BEGIN Exercise data

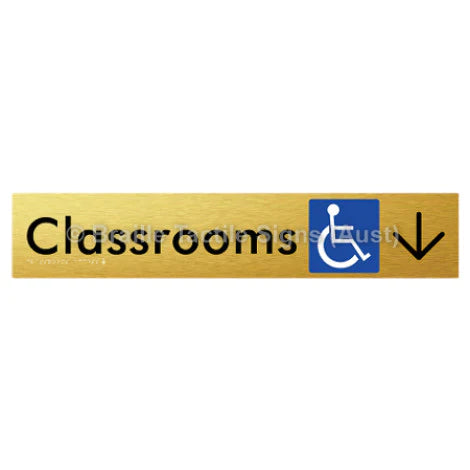 Braille Sign Classrooms Access w/ Large Arrow - Braille Tactile Signs (Aust) - BTS192->D-aliG - Fully Custom Signs - Fast Shipping - High Quality - Australian Made &amp; Owned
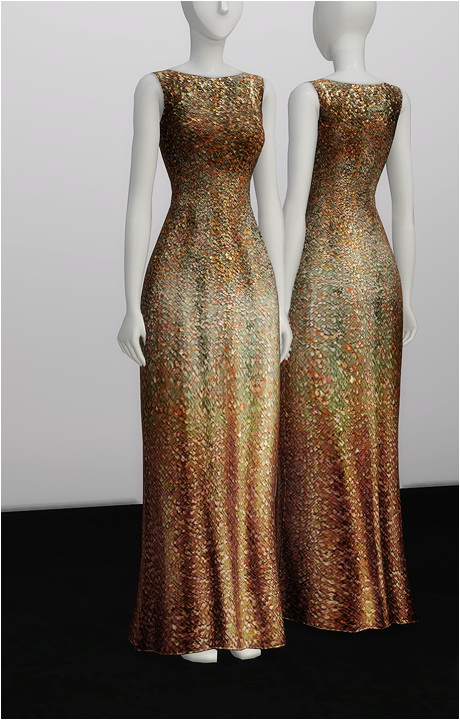 Sims 4 White Silver Sequined Gown at Rusty Nail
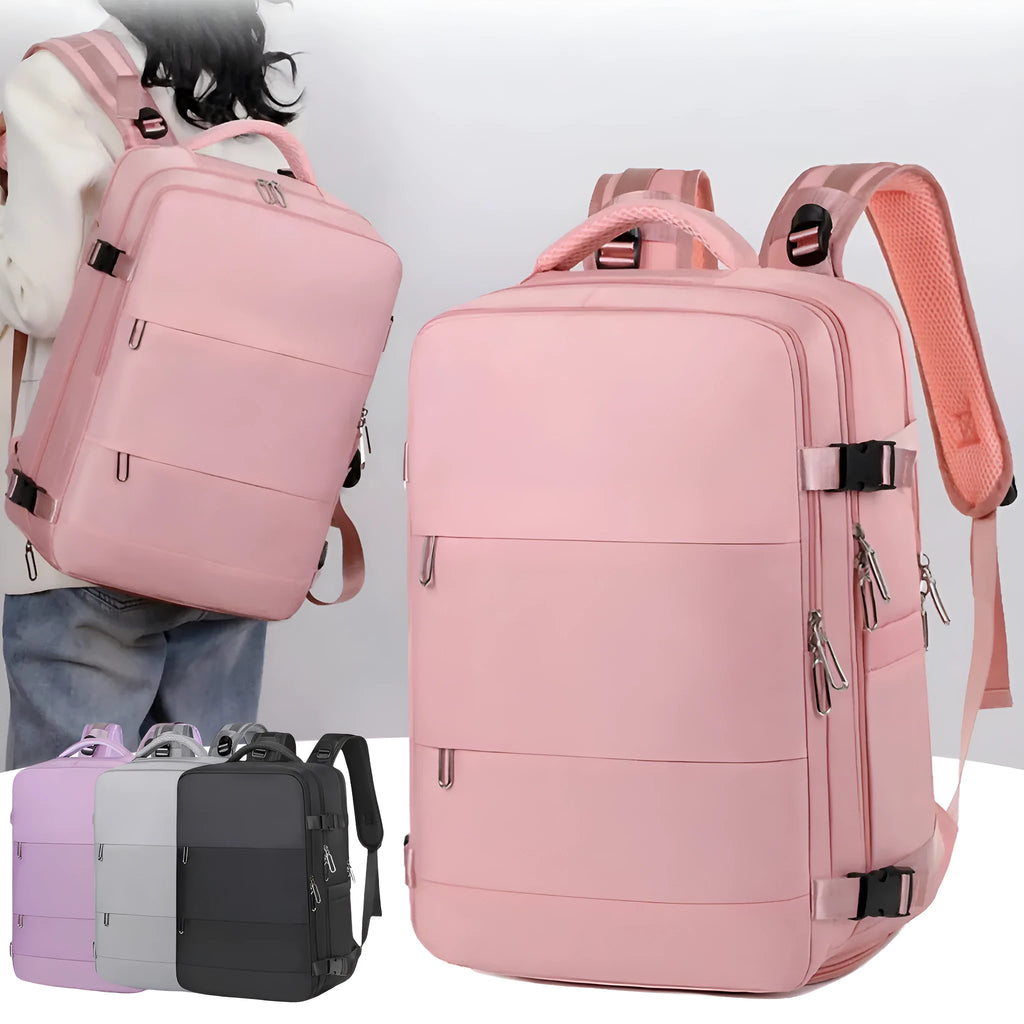 Purple waterproof travel backpack with multiple compartments showing 36-55L capacity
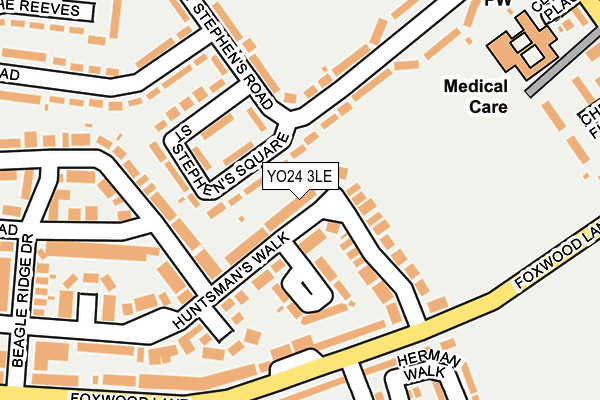 YO24 3LE map - OS OpenMap – Local (Ordnance Survey)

END Exercise data

**What you need to do**
Begin at the line containing "Purple waterproof travel" and restate exactly every line through the end of the material, skipping the pictures.

**Answer space**
 Purple waterproof travel backpack with multiple compartments showing 36-55L capacity
 YO24 3LE map - OS OpenMap – Local (Ordnance Survey)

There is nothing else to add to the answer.